I am wondering the same thing. I have an image classification dataset and not all classes are showing up in the validation/test data.

I have 5 classes (labeled: 1, 2, 3, 4, 5) and this is the result of:
data = ImageDataBunch.from_name_re(path_img, fnames, pat, size=224, bs=bs,ds_tfms=get_transforms()).normalize(imagenet_stats)

ImageDataBunch;

Train: LabelList (4400 items)
x: ImageList
Image (3, 224, 224),Image (3, 224, 224),Image (3, 224, 224),Image (3, 224, 224),Image (3, 224, 224)
y: CategoryList
5,3,3,3,3
Path: /home/jupyter/SCUT-FBP5500_v2.1/Images;

Valid: LabelList (1100 items)
x: ImageList
Image (3, 224, 224),Image (3, 224, 224),Image (3, 224, 224),Image (3, 224, 224),Image (3, 224, 224)
y: CategoryList
5,4,4,4,3
Path: /home/jupyter/SCUT-FBP5500_v2.1/Images;

Test: None

These are the number of instances of each class:
1 (169)
2 (789)
3 (2576)
4 (1166)
5 (800)

The hashing trick provides a solution to the problem of incomplete classes in categorical problems, by using a hash function to map features to category labels in a deterministic (but possible non-unique way) onto a fixed set of categories.
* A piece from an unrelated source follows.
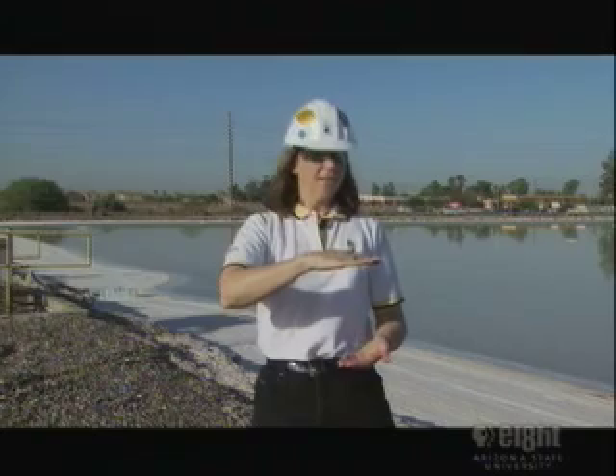You can see the crystals are floating on the pond right now. As the wind kicks up, the crystals will fall down and create this layer of salt on the floor, which we then harvest.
A subset of this type of problem, in which the data may have previously unknown classes that have not been seen before, is the case of out-of-core learning, where the data is too large to fit in memory, so you can only process a batch at a time; such a batch might not contain examples of all the classes.

Don’t be tricked by the Hashing Trick is a great blog post on the hashing trick.

Here’s an example of the implementation of the hashing trick for the Kaggle Avazu Click Through Rate Competition.

@jcatanza I’ll look into this, thanks.